* **EXERCISE PROMPT**: Once you reach the line containing "Well Tailored Cardigan" in the entries below, write out that line and each one after it down to the line containing "Shoes - Picture 4 of 4", exactly and with nothing added.

* **SUPPLIED MATERIAL**:
┌──

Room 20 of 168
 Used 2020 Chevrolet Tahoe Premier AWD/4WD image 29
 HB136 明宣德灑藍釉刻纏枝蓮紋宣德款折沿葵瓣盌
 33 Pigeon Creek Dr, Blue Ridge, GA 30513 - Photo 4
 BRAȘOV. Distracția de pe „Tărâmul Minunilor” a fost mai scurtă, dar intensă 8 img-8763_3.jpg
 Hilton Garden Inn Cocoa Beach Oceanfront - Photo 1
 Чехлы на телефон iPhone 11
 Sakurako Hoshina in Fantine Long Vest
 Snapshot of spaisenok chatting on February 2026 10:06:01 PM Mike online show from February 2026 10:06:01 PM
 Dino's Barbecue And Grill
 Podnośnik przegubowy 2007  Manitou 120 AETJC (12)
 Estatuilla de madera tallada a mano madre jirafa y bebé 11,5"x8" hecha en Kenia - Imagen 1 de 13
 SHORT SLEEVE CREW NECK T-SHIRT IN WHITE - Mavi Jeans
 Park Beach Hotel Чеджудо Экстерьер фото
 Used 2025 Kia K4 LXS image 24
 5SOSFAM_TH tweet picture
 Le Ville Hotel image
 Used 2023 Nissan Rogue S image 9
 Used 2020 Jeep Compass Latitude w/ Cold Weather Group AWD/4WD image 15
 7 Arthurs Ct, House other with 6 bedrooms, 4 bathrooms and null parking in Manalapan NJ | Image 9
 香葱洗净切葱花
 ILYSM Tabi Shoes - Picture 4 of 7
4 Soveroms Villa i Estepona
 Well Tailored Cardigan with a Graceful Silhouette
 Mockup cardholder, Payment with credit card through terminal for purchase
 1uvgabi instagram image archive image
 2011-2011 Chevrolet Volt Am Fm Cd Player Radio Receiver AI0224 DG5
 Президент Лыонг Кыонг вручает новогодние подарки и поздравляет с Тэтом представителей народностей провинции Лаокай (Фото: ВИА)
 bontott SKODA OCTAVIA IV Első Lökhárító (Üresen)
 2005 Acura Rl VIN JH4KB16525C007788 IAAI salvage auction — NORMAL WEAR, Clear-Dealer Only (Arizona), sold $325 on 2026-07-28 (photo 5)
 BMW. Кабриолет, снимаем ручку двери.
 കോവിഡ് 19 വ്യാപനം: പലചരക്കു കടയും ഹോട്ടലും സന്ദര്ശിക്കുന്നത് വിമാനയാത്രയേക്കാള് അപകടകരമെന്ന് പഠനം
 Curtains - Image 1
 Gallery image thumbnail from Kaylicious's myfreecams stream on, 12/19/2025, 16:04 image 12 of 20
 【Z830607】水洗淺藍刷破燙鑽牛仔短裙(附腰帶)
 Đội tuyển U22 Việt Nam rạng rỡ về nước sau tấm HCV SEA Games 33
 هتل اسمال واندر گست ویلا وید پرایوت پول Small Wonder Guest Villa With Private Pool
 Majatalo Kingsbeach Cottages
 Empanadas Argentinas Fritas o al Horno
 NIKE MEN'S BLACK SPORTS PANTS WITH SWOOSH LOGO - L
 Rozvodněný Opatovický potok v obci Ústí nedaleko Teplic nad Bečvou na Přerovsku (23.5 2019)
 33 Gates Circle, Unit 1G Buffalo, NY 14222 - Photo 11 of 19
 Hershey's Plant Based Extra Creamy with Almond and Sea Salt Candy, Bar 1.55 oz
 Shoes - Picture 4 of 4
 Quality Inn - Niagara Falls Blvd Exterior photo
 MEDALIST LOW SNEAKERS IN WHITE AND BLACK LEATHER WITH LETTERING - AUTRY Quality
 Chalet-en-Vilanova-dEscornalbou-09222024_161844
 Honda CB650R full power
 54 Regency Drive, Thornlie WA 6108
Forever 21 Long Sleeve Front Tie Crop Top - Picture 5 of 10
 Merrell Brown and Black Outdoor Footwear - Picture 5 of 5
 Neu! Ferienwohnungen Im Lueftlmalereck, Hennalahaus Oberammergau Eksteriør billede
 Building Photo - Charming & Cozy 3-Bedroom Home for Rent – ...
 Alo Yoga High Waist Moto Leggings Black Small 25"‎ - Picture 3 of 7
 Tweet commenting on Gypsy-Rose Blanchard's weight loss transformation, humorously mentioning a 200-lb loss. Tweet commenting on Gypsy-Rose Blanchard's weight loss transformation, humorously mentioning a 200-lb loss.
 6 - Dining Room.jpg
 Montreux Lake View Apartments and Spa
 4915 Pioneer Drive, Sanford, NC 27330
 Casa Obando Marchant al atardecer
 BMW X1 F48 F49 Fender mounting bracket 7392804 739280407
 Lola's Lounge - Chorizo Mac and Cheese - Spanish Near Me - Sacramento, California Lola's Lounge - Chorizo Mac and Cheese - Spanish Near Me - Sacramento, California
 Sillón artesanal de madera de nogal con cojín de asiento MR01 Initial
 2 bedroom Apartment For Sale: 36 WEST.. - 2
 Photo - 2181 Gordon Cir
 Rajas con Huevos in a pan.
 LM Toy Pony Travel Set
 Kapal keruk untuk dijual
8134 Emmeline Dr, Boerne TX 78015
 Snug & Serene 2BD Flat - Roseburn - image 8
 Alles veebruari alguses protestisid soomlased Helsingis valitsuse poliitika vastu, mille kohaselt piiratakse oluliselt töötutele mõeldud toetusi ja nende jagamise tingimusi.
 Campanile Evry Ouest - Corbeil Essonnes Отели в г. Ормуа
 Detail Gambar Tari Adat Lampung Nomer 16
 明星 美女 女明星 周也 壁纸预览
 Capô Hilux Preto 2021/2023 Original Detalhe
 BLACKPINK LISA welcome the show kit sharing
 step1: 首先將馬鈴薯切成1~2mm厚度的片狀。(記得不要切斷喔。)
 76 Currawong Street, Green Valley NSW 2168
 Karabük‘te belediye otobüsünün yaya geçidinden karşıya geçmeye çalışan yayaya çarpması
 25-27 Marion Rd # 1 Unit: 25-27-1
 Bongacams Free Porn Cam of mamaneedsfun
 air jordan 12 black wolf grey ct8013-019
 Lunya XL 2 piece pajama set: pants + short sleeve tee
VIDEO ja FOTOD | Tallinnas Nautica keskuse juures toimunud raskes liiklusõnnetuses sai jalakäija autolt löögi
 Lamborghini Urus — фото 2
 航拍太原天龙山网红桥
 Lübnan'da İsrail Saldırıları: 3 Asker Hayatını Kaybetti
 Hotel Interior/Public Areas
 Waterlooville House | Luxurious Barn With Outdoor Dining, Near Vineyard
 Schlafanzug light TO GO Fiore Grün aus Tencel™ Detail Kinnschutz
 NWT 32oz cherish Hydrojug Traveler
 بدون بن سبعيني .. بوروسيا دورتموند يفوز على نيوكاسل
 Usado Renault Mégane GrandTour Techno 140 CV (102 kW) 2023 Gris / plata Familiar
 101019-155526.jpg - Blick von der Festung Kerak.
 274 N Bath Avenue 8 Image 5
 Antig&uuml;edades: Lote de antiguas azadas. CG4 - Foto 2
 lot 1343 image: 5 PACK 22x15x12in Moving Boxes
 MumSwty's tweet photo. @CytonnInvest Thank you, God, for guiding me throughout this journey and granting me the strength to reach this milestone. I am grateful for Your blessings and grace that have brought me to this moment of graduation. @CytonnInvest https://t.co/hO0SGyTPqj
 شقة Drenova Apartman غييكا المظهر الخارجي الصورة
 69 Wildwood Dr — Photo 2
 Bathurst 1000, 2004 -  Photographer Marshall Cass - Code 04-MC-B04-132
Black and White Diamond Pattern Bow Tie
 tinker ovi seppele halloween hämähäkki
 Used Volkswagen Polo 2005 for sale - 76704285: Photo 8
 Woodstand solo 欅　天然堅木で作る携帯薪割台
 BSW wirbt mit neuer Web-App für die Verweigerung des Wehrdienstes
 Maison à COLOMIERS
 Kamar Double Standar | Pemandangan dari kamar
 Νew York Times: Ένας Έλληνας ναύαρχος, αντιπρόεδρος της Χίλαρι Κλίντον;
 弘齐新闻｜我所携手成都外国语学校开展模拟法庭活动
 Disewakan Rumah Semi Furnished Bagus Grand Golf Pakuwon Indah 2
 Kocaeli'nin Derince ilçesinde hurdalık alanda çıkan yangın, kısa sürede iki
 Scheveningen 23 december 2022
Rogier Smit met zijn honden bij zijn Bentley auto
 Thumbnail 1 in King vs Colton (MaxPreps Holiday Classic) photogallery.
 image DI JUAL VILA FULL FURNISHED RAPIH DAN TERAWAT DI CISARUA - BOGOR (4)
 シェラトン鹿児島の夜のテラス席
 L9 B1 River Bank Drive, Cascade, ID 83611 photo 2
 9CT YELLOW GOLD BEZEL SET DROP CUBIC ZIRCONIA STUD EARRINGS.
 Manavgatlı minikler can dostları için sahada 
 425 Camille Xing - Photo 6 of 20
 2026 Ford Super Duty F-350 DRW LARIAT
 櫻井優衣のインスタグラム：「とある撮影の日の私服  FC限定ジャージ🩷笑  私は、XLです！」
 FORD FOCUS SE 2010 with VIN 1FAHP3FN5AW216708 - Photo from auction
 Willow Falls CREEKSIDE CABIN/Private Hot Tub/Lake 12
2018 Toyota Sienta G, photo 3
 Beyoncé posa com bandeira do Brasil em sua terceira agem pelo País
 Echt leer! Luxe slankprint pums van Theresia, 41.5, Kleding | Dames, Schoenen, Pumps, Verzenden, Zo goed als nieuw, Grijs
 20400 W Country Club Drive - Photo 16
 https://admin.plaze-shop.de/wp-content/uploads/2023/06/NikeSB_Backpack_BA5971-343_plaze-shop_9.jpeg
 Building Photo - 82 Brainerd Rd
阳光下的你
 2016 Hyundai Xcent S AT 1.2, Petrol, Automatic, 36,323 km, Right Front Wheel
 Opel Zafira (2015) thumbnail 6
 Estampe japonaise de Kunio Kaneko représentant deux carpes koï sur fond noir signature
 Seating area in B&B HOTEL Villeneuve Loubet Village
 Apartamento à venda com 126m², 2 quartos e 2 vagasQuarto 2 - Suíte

└──

* **ANSWER TO THE EXERCISE**:
 Well Tailored Cardigan with a Graceful Silhouette
 Mockup cardholder, Payment with credit card through terminal for purchase
 1uvgabi instagram image archive image
 2011-2011 Chevrolet Volt Am Fm Cd Player Radio Receiver AI0224 DG5
 Президент Лыонг Кыонг вручает новогодние подарки и поздравляет с Тэтом представителей народностей провинции Лаокай (Фото: ВИА)
 bontott SKODA OCTAVIA IV Első Lökhárító (Üresen)
 2005 Acura Rl VIN JH4KB16525C007788 IAAI salvage auction — NORMAL WEAR, Clear-Dealer Only (Arizona), sold $325 on 2026-07-28 (photo 5)
 BMW. Кабриолет, снимаем ручку двери.
 കോവിഡ് 19 വ്യാപനം: പലചരക്കു കടയും ഹോട്ടലും സന്ദര്ശിക്കുന്നത് വിമാനയാത്രയേക്കാള് അപകടകരമെന്ന് പഠനം
 Curtains - Image 1
 Gallery image thumbnail from Kaylicious's myfreecams stream on, 12/19/2025, 16:04 image 12 of 20
 【Z830607】水洗淺藍刷破燙鑽牛仔短裙(附腰帶)
 Đội tuyển U22 Việt Nam rạng rỡ về nước sau tấm HCV SEA Games 33
 هتل اسمال واندر گست ویلا وید پرایوت پول Small Wonder Guest Villa With Private Pool
 Majatalo Kingsbeach Cottages
 Empanadas Argentinas Fritas o al Horno
 NIKE MEN'S BLACK SPORTS PANTS WITH SWOOSH LOGO - L
 Rozvodněný Opatovický potok v obci Ústí nedaleko Teplic nad Bečvou na Přerovsku (23.5 2019)
 33 Gates Circle, Unit 1G Buffalo, NY 14222 - Photo 11 of 19
 Hershey's Plant Based Extra Creamy with Almond and Sea Salt Candy, Bar 1.55 oz
 Shoes - Picture 4 of 4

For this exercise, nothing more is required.